UPPER BLACK EDDY, Pa. - "You love this trail?"
"Yes. All 58.9 miles of it," said Friends of Delaware Canal State Park Executive Director Mike Ginder.
For Ginder, an Upper Black Eddy section of the D&L trail comes to a dramatic, steep, if not painful stop.
"It took the towpath, the canal, all of this earth and moved it that way," he explained.
Those were effects from Hurricane Ida's remnants, as High Falls Creek flood waters tore through the canal, leaving it dry, partially closed, and with an estimated $5 to $10 million repair bill.

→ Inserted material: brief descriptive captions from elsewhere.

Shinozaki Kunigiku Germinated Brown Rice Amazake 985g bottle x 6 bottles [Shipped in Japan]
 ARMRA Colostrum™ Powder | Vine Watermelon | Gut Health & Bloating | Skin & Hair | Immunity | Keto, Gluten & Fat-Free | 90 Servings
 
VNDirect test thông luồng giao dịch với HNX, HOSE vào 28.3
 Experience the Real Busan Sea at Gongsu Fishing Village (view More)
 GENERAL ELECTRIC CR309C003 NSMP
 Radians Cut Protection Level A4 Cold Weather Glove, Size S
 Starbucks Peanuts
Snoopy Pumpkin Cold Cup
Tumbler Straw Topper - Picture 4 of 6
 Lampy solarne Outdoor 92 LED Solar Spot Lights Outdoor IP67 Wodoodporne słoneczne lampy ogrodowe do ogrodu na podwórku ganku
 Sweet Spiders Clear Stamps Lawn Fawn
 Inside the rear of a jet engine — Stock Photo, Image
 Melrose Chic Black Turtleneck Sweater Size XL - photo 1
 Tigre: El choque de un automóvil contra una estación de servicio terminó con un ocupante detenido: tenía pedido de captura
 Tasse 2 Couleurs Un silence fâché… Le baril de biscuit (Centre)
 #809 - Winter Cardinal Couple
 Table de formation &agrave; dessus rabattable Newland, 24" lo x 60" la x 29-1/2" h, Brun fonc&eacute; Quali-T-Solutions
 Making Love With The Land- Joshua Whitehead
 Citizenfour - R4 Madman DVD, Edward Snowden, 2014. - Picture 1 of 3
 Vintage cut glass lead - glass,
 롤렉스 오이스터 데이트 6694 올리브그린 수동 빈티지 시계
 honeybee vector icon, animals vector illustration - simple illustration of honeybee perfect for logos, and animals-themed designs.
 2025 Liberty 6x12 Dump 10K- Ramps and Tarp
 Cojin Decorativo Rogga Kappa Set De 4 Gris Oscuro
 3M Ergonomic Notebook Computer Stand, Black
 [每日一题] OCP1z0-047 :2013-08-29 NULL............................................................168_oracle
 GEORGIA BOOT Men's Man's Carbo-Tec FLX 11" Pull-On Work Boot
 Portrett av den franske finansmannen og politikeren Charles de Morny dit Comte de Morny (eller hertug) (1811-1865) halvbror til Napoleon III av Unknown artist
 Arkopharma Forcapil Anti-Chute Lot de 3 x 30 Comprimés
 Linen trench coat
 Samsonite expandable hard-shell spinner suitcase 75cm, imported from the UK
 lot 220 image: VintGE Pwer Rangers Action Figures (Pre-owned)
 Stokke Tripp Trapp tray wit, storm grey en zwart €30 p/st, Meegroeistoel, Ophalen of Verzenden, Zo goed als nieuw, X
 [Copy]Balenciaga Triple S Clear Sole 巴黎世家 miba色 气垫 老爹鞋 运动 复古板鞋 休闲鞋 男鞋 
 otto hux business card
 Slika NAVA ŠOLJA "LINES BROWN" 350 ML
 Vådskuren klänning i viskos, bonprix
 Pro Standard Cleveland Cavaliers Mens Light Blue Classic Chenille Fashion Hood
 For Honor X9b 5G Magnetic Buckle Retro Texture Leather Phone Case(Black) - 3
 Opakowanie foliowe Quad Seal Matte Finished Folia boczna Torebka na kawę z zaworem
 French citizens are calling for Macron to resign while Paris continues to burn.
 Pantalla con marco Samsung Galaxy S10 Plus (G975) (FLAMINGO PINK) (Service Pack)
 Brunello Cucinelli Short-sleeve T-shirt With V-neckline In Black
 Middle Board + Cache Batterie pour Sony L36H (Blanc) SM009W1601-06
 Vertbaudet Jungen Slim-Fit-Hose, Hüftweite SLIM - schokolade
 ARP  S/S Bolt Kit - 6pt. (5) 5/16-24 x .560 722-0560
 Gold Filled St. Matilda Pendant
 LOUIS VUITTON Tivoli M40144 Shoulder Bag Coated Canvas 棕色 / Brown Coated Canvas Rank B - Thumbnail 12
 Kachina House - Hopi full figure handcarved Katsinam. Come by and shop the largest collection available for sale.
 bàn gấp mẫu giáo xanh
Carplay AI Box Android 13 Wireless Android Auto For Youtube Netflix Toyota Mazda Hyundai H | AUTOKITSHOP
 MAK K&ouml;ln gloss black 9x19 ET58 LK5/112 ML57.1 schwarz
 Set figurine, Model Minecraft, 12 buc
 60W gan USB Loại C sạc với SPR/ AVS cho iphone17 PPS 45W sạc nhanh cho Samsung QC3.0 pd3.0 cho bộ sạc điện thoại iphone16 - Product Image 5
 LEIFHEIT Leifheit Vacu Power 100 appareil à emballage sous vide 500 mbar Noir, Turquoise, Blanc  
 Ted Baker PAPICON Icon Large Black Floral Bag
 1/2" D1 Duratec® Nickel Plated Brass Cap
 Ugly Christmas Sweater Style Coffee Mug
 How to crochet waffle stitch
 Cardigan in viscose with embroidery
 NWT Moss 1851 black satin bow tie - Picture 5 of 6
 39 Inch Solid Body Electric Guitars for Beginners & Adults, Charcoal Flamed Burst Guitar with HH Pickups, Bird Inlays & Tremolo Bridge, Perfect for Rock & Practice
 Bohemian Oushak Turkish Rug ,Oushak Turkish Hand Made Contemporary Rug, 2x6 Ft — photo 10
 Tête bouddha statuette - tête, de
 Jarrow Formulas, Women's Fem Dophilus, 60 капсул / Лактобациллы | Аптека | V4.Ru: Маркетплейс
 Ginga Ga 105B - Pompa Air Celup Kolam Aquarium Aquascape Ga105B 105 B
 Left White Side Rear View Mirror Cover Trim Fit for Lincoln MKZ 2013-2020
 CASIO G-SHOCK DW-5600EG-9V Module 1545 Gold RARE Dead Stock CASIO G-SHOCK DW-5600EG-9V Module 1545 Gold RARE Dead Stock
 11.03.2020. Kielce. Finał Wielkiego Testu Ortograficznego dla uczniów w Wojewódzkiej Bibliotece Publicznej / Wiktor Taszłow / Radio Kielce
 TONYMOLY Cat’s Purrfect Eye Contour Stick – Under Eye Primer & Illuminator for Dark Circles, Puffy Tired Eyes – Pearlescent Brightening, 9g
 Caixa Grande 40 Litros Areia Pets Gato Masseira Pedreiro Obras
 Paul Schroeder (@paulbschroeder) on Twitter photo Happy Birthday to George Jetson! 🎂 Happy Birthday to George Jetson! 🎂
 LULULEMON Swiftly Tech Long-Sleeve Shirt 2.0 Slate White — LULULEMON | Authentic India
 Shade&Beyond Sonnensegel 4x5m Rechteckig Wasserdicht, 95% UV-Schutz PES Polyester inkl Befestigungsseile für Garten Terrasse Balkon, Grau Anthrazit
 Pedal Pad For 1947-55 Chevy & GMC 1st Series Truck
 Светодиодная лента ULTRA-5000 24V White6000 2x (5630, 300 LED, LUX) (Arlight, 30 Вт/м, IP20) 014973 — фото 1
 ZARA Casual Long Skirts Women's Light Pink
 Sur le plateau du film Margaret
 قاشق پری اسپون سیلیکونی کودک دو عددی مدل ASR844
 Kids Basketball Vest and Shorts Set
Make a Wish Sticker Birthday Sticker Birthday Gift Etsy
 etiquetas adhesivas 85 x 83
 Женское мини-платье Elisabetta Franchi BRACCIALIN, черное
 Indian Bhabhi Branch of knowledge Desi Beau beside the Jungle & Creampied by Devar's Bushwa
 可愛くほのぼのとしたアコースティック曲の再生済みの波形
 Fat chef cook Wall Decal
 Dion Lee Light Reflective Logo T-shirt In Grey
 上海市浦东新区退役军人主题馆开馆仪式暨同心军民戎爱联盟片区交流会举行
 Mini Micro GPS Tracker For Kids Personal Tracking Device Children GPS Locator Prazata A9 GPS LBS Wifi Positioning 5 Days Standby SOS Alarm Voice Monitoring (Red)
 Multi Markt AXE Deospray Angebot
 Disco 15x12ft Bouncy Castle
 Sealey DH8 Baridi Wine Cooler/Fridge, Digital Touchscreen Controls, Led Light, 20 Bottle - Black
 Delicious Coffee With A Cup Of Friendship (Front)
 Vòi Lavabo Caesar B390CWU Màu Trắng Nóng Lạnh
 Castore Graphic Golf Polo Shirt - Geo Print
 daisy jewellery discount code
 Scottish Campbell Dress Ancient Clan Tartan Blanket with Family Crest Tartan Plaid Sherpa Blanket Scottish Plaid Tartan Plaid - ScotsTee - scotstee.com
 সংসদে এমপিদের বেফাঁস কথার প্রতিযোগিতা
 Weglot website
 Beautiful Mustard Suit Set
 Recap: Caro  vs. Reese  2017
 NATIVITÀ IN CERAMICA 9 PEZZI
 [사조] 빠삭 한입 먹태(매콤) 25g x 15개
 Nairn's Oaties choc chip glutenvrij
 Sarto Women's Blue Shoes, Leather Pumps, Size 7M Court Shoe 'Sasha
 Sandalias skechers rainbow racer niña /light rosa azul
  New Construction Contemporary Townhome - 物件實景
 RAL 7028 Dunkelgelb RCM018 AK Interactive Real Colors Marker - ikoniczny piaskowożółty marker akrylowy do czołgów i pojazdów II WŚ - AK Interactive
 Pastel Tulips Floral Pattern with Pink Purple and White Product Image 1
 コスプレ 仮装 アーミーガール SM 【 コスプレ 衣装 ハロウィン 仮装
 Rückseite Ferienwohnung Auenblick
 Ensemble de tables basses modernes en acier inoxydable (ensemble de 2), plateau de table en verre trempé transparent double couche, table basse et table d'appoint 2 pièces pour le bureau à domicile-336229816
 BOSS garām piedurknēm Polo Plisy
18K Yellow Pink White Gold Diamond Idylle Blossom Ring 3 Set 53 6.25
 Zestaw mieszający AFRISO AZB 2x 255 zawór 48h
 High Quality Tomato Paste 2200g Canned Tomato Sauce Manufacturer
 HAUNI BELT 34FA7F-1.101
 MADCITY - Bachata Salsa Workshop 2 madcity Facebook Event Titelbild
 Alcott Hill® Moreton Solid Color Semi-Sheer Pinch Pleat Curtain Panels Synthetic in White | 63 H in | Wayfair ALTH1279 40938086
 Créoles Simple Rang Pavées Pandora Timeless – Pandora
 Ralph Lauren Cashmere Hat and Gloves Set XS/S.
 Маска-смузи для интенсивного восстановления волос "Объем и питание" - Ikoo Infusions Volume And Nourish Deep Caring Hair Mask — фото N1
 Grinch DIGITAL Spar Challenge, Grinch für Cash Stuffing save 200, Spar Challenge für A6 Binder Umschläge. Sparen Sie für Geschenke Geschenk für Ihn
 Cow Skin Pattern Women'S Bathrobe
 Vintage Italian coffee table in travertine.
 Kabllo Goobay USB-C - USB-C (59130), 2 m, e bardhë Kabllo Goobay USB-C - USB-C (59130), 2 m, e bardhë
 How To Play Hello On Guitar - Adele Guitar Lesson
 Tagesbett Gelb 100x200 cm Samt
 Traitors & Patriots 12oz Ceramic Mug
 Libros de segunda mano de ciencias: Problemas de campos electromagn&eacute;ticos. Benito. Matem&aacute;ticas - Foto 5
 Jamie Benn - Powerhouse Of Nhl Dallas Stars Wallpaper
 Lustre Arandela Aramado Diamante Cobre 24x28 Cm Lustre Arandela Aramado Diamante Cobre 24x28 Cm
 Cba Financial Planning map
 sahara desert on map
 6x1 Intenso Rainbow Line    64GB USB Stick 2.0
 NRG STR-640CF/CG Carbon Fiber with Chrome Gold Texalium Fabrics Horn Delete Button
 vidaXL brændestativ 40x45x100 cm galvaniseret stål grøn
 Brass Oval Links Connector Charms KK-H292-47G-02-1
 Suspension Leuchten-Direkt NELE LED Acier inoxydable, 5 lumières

"This right here is a part of a dredging project to remove debris that was a result of Ida. Yes, to restore the canal's prism and natural state," said Park Operations Manager Devin Buzard.
He says there's already a $75-million backlog of repairs needed along the nearly 60-mile canal, part of $1.4 billion of infrastructure needs in Pennsylvania's 121 state parks.
"It makes a large impact on our visitors and our neighbors. So just the scenic beauty alone is worth mentioning whenever the canal's fully watered," he added.
There are funds from the America Rescue Plan to help restore the canal. A state bill is out of committee and it's expected to be voted on this fall. If passed, it would give $500 million to repair environmental issues like this.
As for Ginder, whose nonprofit's annual canal walk is severely shortened this year, the funds are needed on and off the trail.
"This section normally would have water in it, you could go kayaking, canoeing, so that's a big impact that lessens tourism in the area," he said.